Two earlier studies back up these findings. In the first, participants reported a significant decrease in negative emotions like tension, anger, depression, fatigue and confusion after a 20-minute dip in chilly ocean water. In the second study, participants who immersed in a cold bath for five minutes reported feeling more active, alert, attentive, proud and inspired.

What’s going on here? Researchers don’t exactly know. But they have established that those good feelings likely have something to do with cold water immersion’s effect on cortisol levels.

Cortisol is a hormone released into the bloodstream when you experience stress; it prepares your body for the fight-or-flight response. If you have too much cortisol, or if your body releases it too often, it can lead to weight gain, mood swings, insomnia, and fatigue.

Researchers expected a cold-water plunge would elevate cortisol levels, but studies have found that cortisol levels remain relatively stable during cold immersion, and decrease significantly in the hours afterward.

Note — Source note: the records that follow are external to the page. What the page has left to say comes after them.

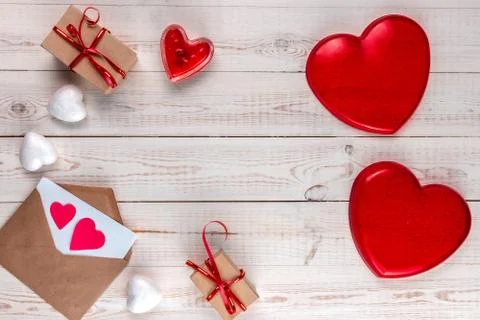 Creative valentine's day composition, white wooden background with gifts 写真素材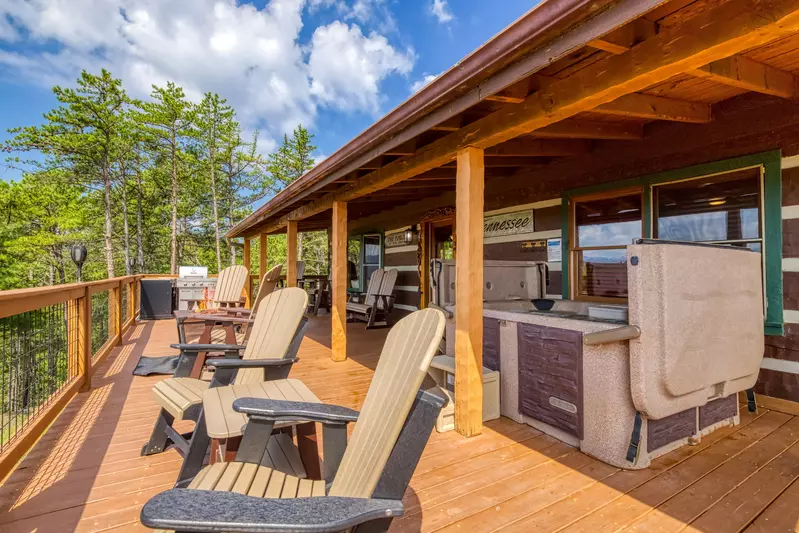 Secluded Summit front deck with hot tub and patio furniture 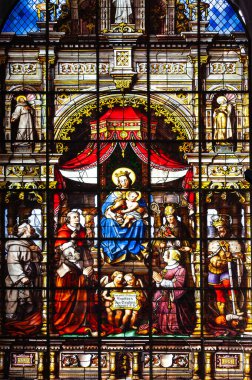 Gent, Belçika - 10 Temmuz 2010: Saint Nicholas Kilisesi 'nin içinde lekeli cam pencere. Meryem ve bebek İsa 'nın diğer kutsal insanlarla çevrili görüntüsü..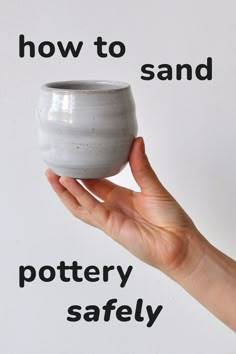 a hand holding a white pottery vase with the words how to sand written on it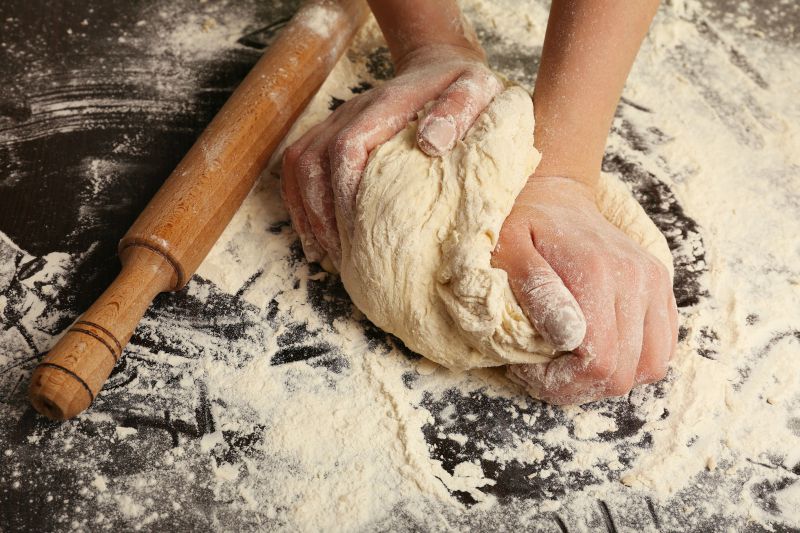 woman makes bread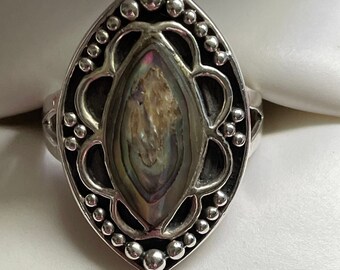 May include: A silver ring featuring a marquise-shaped abalone shell inlay at the centre. The setting is decorated with a scalloped metal border and small silver beads. The metal has a dark oxidised finish in the recessed areas to highlight the details.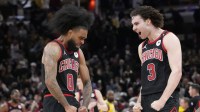 Chicago Bulls guard Coby White (0) celebrates his three point basket against the Los Angeles Lakers with guard Josh Giddey (3) during the second half at United Center.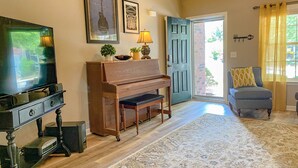 A living room with a television, a piano, a chair, and a door leading outside.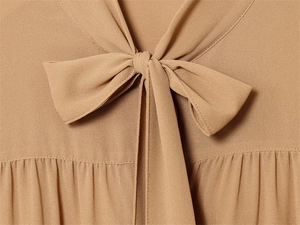 Dettaglio di una camicia in chiffon color cammello con elegante scollo a fiocco e pieghe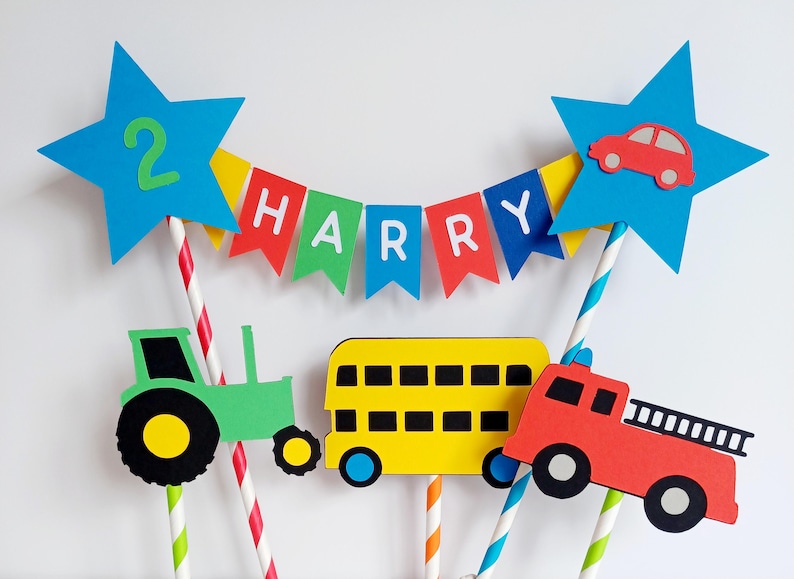 May include: A colorful birthday cake topper featuring a blue star with the number 2, a banner that spells out "HARRY", and various vehicle cutouts including a tractor, bus, and fire truck. The topper is designed with paper straws.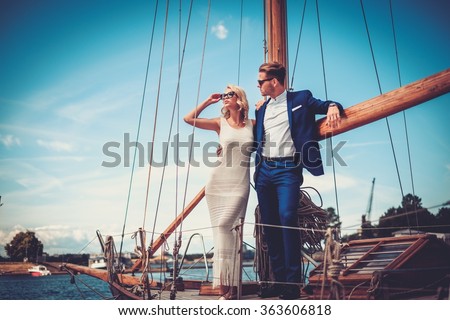 stock photo stylish wealthy couple on a luxury yacht 363606818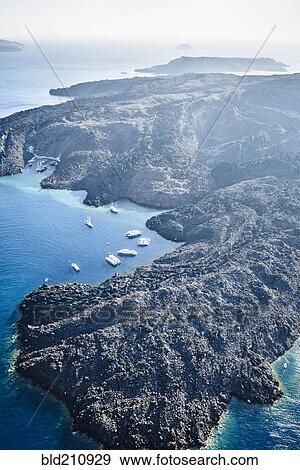 Stock Photo - Aerial view of rocky rural coastline, Santorini, Egeo, Greece. Fotosearch
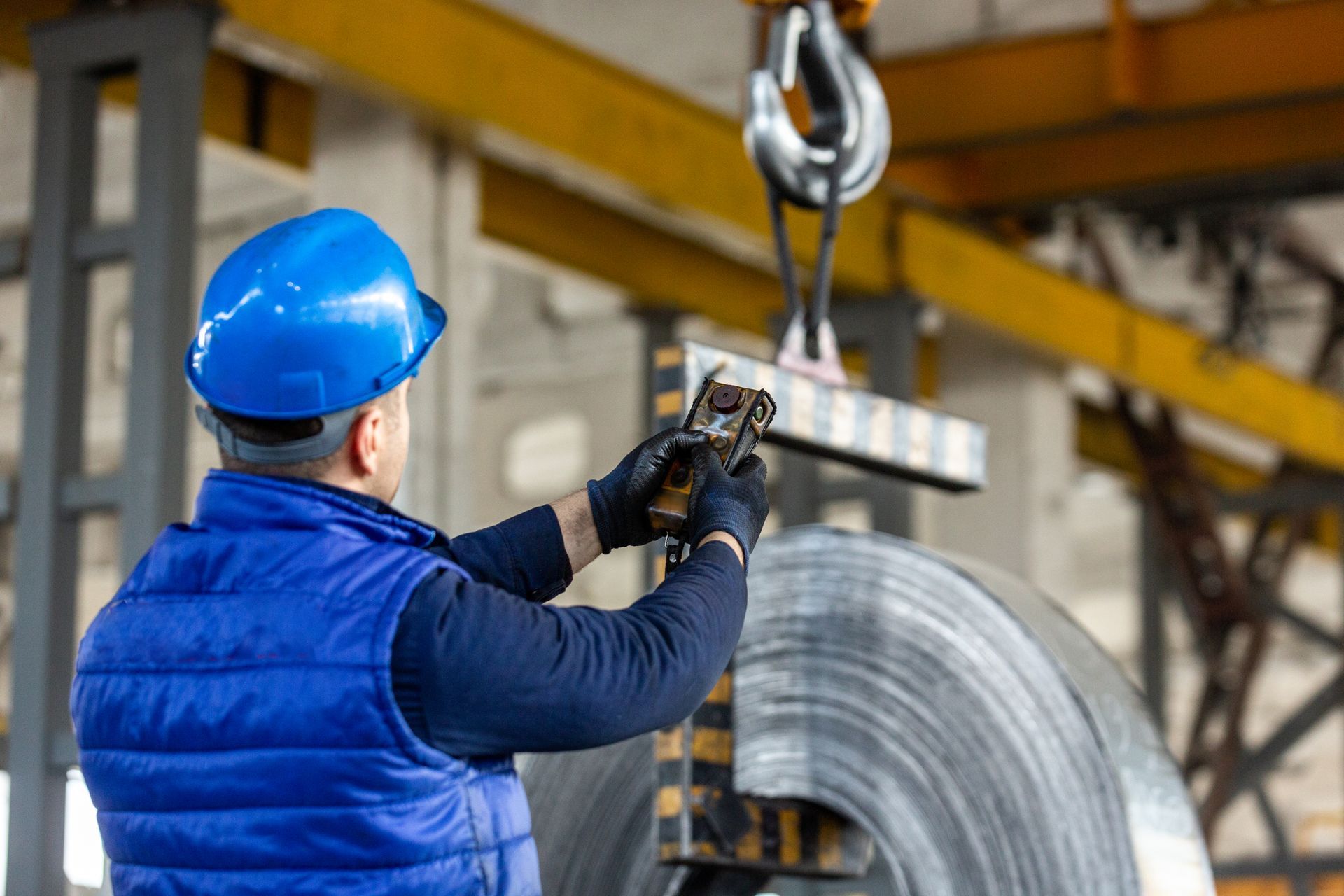 A man is lifting a large roll of metal with a crane.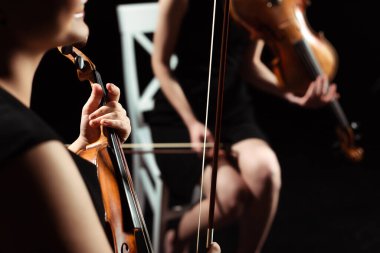 Koyu sahnede keman çalan kadın müzisyenlerin kısmi görüşü, seçici odaklanma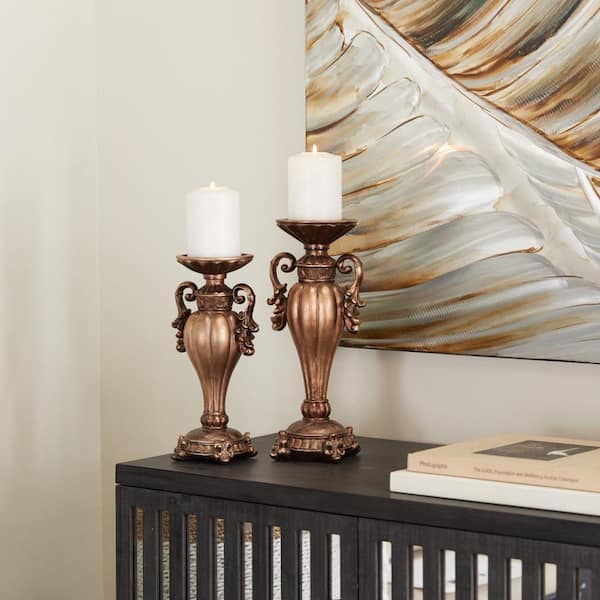 Litton Lane Brass Polystone Scroll Pillar Candle Holder (Set of 2)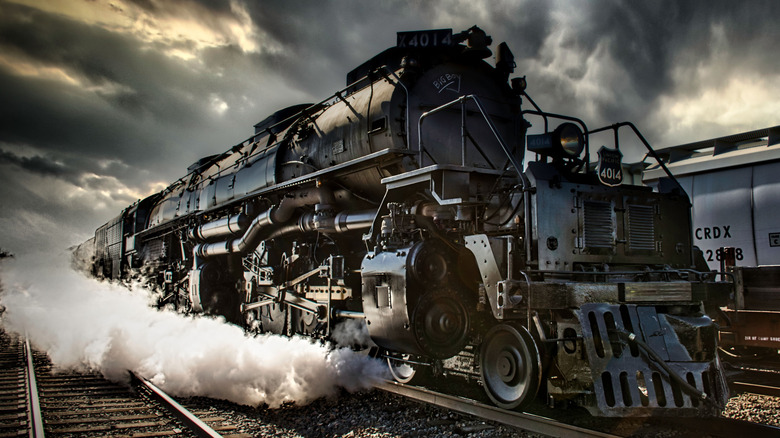 Union Pacific's Big Boy No. 4014 under steam with a dramatic sky behind it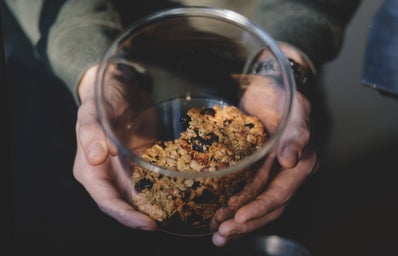person holding a clear jar of granola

This likely explains why cold-water swimmers report improved mood and cognitive performance.

It’s important to note there are health risks associated with cold-water swimming including hypothermia, hyperventilation, and muscle cramping. It’s important never to swim in a body of open water alone, and to check with your doctor before cold immersion if you have any chronic health conditions.

That said, there is clear evidence that cold-water immersion can help boost your mood and cognitive performance, and may also help prevent sleep disturbances.